At dawn on December 7, 1941, Japanese planes attacked the United States Pacific Fleet at Pearl Harbor In Hawaii.
Anxious to maintain their military and economic power in the region the Japanese planned to cripple the U.S. fleet which would then allow them to attack the Philippines and Indo-China without opposition and acquire the raw materials they needed to maintain their position.
Several ships were sunk or damaged, the U.S.S. Oklahoma capsized, and the U.S.S. Arizona was completely destroyed. More than 2,300 Americans died in the attack.
The next day President Franklin D. Roosevelt addressed a joint session of Congress, which declared war against Japan, and the United States officially entered World War II. The Japanese had no idea they were awakening a sleeping giant. December 7th, 1941 truly was a date which would live in infamy.
James Bradley, whose father was one of those who raised the flag on Iwo Jima, has studied the war and the reason Japan attacked us in the first place.

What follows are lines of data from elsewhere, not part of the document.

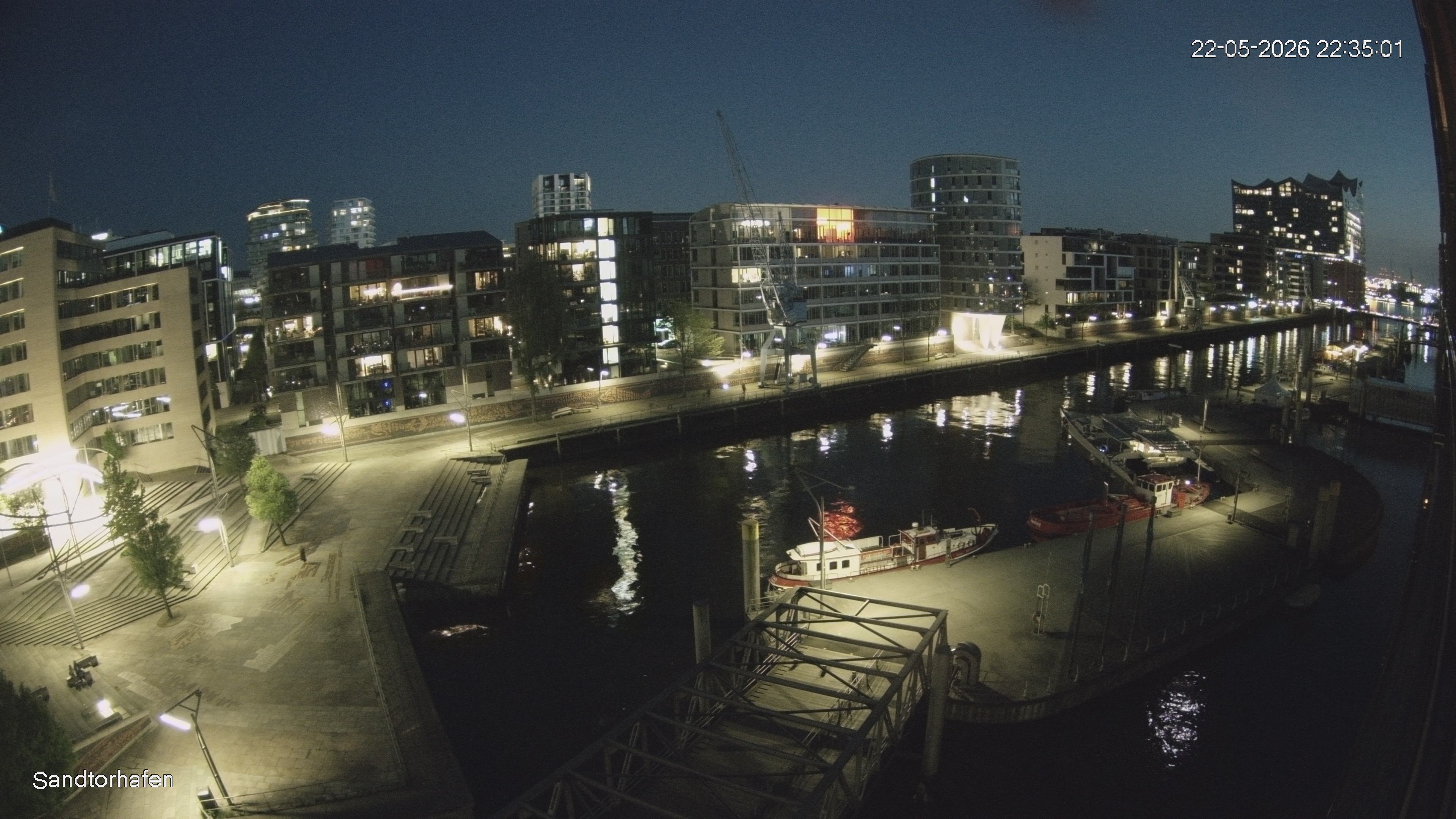 Archiv Foto Webcam Hamburg: HafenCity und Elbphilharmonie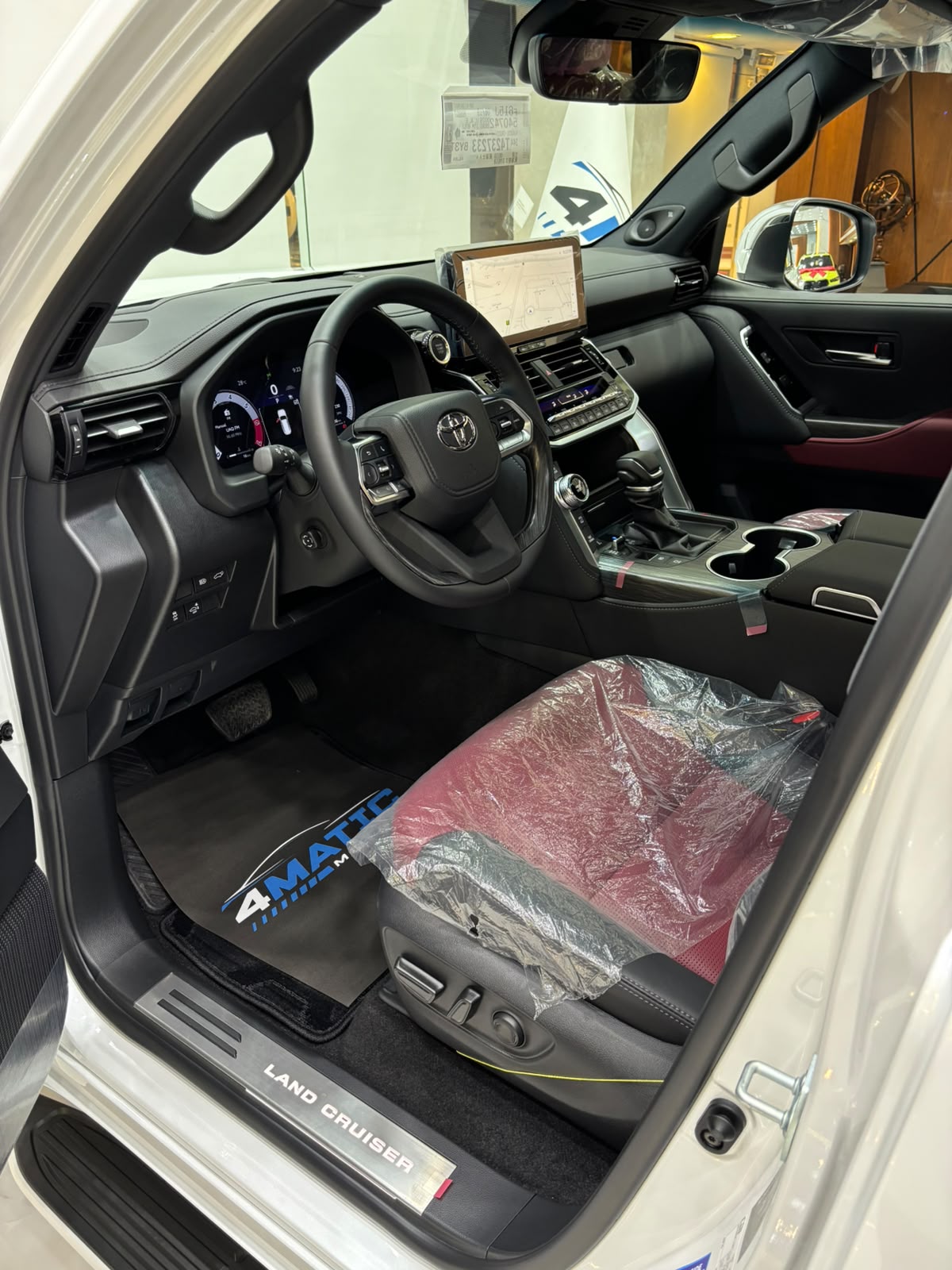 
								Toyota Land Cruiser VXR 2026 full									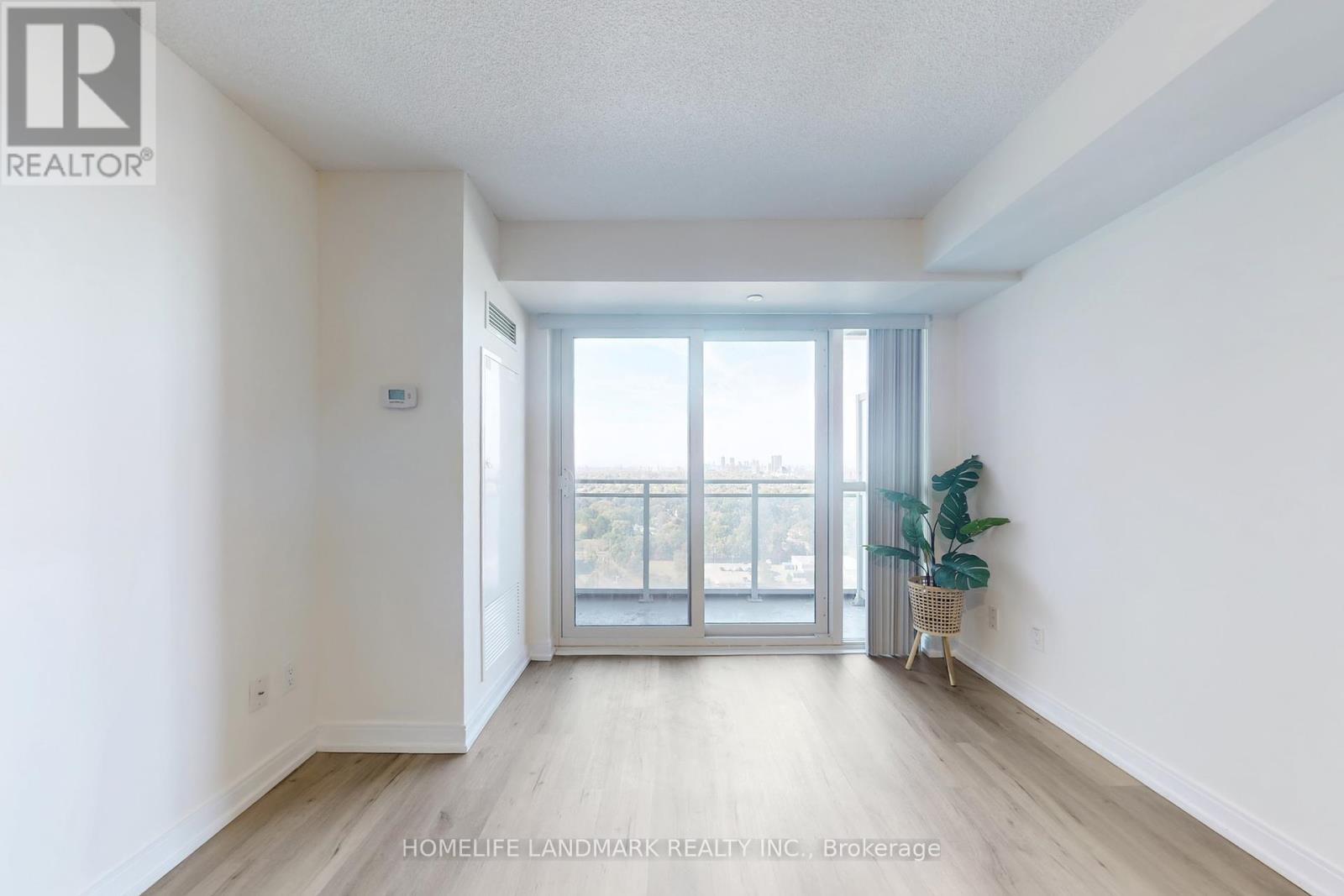 2106 - 255 Village Green Square, Toronto (Agincourt South-Malvern West), Ontario  M1S 0L7 - Photo 8 - E12446589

In a secret presidential cable to Tokyo, in July 1905, Roosevelt approved the Japanese annexation of Korea and agreed to an “understanding or alliance” among Japan, the United States and Britain “as if the United States were under treaty obligations.” The “as if” was key: Congress was much less interested in North Asia than Roosevelt was, so he came to his agreement with Japan in secret, an unconstitutional act.
Bradley’s op-ed in the New York Times is an excellent read for anyone who wants to know the real reason that Japan decided to attack us the way they did.
Take a moment today to remember all of those who died on that December morning in 1941.